Crawled caption data
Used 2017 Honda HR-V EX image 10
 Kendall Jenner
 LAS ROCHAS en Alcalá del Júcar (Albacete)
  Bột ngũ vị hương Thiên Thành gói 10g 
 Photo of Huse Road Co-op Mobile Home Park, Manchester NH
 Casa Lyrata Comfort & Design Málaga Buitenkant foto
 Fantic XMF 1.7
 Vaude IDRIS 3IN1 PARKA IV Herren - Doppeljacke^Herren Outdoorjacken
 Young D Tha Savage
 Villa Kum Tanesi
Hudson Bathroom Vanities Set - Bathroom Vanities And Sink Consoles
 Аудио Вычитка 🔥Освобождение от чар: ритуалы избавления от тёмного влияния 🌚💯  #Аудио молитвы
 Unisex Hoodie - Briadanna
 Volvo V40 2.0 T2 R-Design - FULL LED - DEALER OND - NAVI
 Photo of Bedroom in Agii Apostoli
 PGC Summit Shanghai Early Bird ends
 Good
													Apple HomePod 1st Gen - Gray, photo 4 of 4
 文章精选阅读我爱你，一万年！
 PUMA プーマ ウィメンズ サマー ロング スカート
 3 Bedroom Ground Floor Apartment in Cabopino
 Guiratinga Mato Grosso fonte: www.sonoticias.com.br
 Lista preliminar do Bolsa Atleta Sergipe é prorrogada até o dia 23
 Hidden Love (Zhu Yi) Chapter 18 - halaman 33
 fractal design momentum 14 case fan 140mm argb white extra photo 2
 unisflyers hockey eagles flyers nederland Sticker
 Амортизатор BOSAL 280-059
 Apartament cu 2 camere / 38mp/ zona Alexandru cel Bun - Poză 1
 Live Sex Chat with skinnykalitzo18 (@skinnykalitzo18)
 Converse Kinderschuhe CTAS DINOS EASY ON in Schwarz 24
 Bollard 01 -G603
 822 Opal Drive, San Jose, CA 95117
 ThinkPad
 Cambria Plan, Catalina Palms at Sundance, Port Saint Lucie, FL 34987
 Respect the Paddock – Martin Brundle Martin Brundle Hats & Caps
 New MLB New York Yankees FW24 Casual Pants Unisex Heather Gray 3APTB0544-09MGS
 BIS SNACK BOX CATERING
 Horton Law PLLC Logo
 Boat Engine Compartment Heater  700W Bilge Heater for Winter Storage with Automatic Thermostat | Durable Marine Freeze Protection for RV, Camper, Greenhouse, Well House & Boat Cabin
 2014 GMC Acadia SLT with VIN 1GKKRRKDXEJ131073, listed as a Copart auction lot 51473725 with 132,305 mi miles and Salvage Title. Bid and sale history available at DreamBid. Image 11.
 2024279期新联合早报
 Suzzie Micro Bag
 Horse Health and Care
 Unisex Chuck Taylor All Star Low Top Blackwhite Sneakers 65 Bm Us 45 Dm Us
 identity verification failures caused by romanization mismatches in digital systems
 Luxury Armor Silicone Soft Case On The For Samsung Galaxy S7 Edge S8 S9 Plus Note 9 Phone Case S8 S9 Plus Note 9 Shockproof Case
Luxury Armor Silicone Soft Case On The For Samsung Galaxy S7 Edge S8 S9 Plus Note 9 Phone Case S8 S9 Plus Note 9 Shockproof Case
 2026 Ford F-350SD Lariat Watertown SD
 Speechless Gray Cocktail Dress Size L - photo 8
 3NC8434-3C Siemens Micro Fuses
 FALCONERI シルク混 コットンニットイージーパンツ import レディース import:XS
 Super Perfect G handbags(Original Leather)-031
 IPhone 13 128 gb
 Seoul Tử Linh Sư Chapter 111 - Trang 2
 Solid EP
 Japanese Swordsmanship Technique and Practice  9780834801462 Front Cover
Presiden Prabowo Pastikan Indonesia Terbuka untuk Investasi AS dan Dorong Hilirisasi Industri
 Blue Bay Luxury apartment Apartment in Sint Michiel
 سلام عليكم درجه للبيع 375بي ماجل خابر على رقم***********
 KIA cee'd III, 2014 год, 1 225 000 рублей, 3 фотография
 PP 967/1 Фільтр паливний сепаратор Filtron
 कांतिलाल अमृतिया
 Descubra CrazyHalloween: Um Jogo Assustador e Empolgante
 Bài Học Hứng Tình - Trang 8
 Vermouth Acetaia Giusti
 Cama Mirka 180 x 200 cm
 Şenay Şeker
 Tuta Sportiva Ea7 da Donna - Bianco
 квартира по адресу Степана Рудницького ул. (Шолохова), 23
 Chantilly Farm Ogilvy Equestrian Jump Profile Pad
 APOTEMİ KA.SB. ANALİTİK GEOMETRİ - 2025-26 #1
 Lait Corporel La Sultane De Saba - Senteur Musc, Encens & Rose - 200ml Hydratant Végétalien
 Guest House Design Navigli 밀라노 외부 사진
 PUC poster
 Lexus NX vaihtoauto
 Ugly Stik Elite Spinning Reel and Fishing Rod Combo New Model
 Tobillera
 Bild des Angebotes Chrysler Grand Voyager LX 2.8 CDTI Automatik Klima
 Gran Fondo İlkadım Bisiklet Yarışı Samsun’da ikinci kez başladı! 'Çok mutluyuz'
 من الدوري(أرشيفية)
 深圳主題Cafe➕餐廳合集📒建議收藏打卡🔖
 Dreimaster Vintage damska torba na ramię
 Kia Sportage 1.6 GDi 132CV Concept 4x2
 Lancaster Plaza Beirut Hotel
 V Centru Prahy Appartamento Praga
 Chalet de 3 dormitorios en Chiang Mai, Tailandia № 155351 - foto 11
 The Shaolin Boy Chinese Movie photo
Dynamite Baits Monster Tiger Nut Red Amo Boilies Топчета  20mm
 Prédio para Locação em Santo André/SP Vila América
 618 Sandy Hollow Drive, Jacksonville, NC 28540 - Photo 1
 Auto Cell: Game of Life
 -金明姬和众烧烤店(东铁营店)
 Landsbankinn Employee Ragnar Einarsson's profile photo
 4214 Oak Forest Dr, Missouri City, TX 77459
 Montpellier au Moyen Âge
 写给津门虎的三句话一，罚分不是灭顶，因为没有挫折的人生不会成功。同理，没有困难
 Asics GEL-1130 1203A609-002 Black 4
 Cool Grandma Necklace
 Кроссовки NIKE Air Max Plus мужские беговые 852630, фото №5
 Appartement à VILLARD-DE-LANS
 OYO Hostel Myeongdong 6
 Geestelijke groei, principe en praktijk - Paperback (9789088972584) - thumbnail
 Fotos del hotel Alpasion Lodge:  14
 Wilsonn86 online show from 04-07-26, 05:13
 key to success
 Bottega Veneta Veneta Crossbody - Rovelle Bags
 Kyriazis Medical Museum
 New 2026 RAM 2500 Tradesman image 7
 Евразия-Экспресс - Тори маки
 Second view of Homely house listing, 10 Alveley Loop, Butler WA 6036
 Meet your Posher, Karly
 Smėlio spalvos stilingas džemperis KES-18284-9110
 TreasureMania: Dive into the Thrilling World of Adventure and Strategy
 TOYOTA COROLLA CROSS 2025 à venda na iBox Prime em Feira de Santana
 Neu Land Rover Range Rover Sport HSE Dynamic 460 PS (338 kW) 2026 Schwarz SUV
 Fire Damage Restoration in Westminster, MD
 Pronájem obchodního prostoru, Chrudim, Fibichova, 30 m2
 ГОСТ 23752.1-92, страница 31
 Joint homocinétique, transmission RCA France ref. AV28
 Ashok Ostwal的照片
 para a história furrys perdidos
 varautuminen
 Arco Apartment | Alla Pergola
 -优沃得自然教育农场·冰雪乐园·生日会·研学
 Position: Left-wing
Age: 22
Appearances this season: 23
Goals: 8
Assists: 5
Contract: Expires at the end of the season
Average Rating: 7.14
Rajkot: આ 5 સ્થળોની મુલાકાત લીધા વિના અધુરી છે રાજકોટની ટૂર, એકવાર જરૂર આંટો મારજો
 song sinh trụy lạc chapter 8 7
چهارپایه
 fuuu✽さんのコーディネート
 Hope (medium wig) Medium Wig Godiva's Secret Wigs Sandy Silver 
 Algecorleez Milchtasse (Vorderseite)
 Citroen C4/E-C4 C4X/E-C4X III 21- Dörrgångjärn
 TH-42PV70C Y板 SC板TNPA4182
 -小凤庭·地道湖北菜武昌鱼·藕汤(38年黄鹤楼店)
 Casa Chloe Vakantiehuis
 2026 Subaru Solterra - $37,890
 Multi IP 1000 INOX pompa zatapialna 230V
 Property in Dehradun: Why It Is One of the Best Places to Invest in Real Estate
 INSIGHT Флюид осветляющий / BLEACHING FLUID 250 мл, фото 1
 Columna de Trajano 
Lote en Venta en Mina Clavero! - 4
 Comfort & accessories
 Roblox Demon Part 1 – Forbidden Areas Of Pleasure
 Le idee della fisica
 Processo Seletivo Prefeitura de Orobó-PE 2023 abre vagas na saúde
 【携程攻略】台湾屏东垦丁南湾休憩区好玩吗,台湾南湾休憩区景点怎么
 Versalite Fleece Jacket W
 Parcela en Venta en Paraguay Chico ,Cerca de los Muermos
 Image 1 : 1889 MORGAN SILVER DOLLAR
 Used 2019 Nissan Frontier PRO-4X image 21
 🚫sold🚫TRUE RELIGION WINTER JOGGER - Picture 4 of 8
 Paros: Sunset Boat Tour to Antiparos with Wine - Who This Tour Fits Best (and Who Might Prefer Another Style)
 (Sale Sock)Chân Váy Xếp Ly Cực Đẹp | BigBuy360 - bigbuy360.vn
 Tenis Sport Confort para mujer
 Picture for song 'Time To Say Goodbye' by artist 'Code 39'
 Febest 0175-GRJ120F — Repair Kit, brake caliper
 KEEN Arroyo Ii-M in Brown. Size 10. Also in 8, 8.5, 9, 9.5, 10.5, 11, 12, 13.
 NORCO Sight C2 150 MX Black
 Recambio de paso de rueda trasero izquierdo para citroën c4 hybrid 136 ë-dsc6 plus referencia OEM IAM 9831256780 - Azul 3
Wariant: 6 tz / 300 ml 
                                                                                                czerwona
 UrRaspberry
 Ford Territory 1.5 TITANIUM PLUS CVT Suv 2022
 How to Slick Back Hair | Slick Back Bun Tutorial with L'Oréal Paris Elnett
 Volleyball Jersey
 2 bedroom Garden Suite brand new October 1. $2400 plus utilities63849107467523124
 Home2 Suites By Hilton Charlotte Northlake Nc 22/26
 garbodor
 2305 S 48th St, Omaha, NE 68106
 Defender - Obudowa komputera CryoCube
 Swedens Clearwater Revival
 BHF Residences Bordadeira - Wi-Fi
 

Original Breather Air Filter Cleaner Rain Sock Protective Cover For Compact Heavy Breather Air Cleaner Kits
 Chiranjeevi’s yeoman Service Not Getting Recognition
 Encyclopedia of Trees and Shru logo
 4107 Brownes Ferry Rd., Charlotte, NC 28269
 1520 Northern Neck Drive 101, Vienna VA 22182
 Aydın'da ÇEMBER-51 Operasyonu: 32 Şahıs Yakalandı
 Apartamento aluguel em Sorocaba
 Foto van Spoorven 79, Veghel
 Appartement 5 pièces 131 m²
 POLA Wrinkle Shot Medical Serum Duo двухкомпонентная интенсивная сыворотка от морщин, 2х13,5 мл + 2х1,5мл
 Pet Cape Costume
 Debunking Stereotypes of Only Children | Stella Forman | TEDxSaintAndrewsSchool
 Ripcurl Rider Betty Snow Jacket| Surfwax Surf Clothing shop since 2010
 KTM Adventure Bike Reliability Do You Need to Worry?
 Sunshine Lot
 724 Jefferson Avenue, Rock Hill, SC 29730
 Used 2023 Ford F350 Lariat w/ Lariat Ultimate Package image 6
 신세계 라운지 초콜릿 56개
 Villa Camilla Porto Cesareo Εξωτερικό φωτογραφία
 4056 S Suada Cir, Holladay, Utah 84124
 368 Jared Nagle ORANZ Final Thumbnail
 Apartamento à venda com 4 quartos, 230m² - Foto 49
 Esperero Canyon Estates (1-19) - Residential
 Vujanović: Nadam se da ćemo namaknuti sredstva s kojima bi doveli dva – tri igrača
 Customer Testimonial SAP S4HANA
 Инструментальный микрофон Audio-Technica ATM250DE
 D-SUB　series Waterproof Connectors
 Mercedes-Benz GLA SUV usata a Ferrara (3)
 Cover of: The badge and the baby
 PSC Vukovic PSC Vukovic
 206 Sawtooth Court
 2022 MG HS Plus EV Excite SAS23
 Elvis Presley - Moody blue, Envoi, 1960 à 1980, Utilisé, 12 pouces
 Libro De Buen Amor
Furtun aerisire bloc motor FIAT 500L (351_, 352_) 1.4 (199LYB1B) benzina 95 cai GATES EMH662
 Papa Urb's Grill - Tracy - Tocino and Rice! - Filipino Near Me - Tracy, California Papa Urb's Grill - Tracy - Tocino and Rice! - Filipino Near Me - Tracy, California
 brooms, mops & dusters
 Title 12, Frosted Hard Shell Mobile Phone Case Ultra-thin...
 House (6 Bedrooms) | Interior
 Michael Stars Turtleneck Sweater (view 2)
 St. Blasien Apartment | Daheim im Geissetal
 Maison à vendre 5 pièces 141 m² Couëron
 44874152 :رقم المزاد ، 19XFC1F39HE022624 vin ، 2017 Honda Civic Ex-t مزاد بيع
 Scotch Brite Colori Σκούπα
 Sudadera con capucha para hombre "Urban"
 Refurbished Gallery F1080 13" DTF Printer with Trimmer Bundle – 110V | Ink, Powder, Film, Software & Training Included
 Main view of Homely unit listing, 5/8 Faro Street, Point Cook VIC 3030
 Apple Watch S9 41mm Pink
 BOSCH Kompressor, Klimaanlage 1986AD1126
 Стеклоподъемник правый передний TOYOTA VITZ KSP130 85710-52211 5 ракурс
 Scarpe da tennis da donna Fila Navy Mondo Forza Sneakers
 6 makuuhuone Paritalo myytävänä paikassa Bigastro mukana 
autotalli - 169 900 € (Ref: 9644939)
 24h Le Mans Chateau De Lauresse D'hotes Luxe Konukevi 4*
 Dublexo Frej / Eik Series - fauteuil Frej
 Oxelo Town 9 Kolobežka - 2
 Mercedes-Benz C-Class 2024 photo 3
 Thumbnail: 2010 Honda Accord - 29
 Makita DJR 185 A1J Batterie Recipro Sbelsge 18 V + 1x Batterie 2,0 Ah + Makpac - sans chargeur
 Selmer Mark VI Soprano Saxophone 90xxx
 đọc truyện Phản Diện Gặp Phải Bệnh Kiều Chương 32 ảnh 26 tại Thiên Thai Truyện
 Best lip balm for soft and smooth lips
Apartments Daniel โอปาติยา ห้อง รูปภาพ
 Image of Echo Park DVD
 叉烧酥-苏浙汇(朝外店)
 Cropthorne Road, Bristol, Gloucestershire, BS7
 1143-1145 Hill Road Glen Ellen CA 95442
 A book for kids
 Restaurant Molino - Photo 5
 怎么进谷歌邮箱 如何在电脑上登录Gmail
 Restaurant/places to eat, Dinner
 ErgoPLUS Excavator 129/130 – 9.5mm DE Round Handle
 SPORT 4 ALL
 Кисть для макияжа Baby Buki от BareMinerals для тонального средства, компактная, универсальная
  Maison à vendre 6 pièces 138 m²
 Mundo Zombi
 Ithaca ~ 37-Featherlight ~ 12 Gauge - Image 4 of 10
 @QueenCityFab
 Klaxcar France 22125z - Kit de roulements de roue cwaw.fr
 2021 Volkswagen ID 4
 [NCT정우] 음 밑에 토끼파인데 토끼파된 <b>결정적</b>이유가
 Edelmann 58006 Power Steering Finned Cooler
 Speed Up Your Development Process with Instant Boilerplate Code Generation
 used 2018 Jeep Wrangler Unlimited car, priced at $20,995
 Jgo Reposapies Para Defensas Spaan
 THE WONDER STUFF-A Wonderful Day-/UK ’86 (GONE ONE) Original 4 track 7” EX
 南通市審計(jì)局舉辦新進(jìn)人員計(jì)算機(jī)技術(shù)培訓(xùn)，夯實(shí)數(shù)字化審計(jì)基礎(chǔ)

## AIM OF THE TASK
Using the entries above, find all lines with "Unisex". Copy them.

## EXERCISE OUTPUT
 Unisex Hoodie - Briadanna
 New MLB New York Yankees FW24 Casual Pants Unisex Heather Gray 3APTB0544-09MGS
 Unisex Chuck Taylor All Star Low Top Blackwhite Sneakers 65 Bm Us 45 Dm Us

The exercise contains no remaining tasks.